We can also refine your log_p computations a bit, and vectorize them.

For example, the _bond_logp currently looks like this:

        k_eq = bond.type.k*units.kilocalories_per_mole/(units.angstrom**2)
        r0 = bond.type.req*units.nanometers
        sigma = beta*2.0/np.sqrt(2.0*k_eq/k_eq.unit)
        logp = stats.distributions.norm.logpdf(r/r.unit, r0/r0.unit, sigma)
        return logp

We can use the fact that the reduced potential is u(x) = \beta (K/2) (r - r0)^2 to compute this directly in a vectorized manner:

k_eq = bond.type.k*units.kilocalories_per_mole/(units.angstrom**2)
r0 = bond.type.req*units.nanometers
return -beta*(k_eq/2.0)*(r-r0)**2

Does ParmEd store k and req as simtk.unit units natively, or do you need to attach units? It is weird that they would be listed in kcal/mol/A^2 and nm, since that seems like an inconsistent choice; OpenMM certainly uses a different unit system, and AMBER I believe uses kcal/mol and A consistently.

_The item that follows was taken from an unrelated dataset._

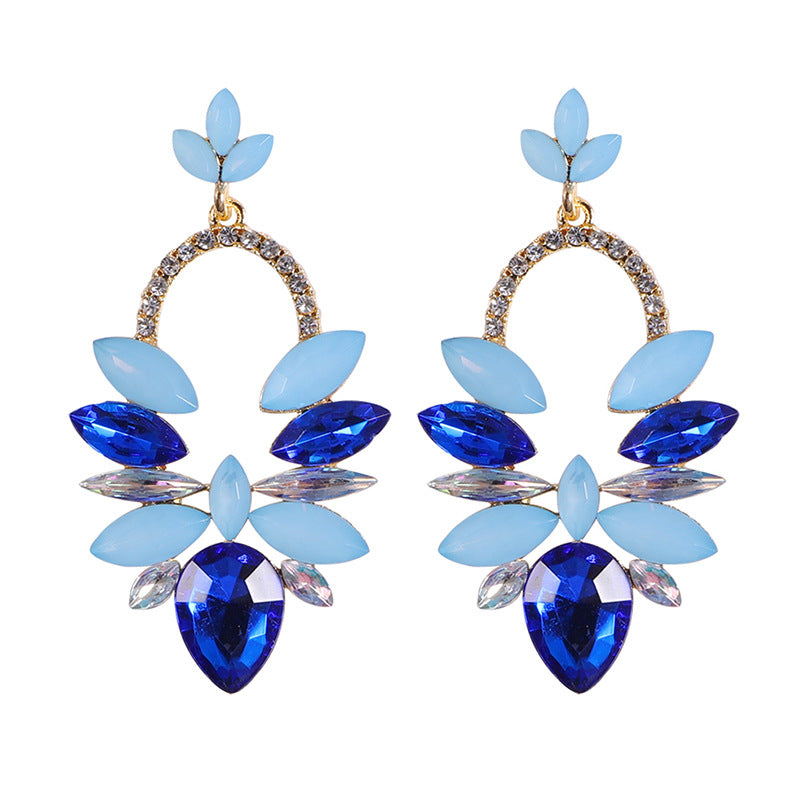 Wholesale Blue Diamond Series Retro Large Grain Sapphire Earrings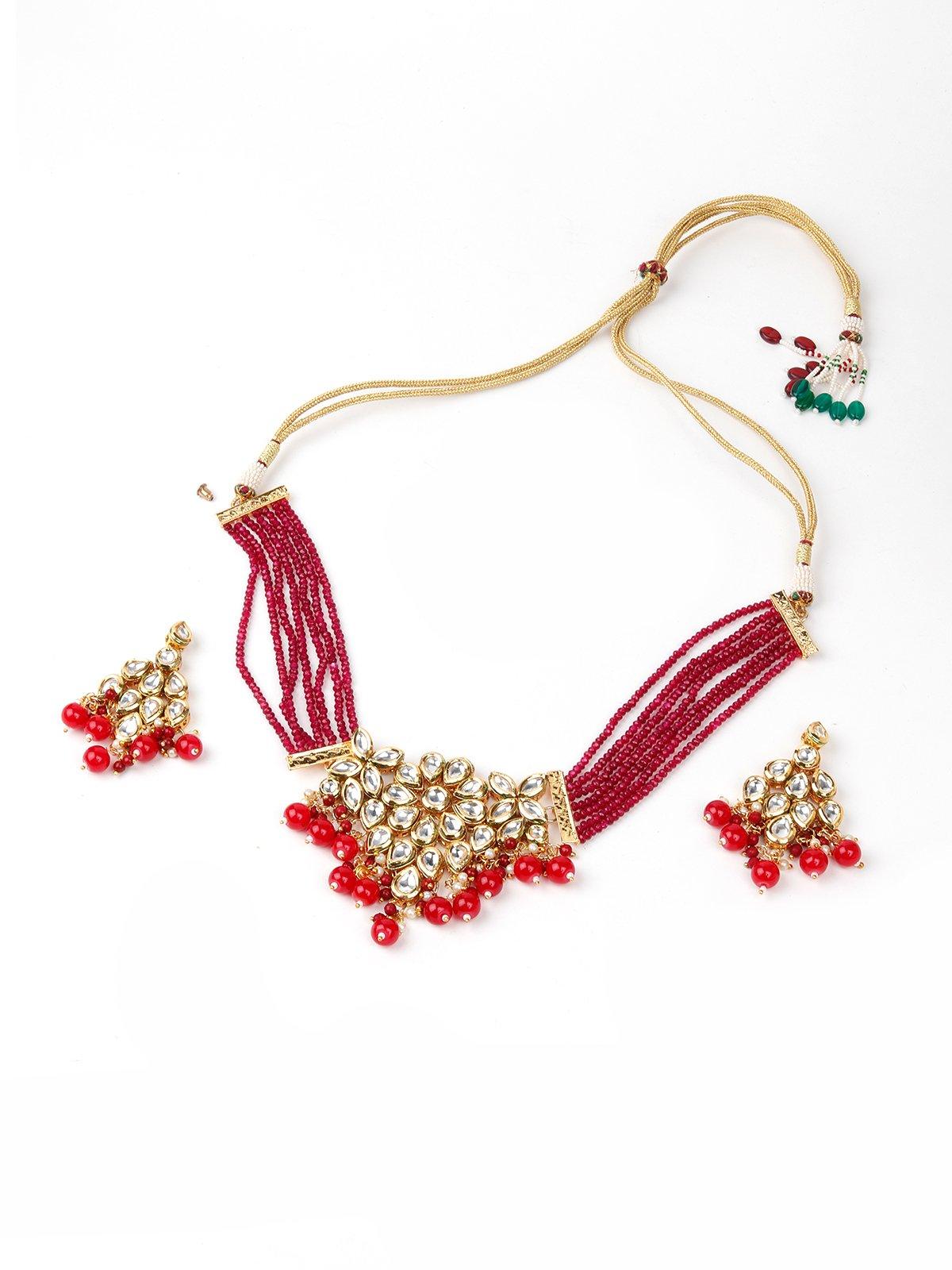 Red Elegant Kundan Necklace Set - Rajwada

If you need log p(r), you would also need to compute sigma as you note:

k_eq = bond.type.k*units.kilocalories_per_mole/(units.angstrom**2)
r0 = bond.type.req*units.nanometers
sigma = unit.sqrt(1.0 / (beta * k_eq))
return -beta*(k_eq/2.0)*(r-r0)**2 - np.log(np.sqrt(2*pi)*sigma / base_distance_unit)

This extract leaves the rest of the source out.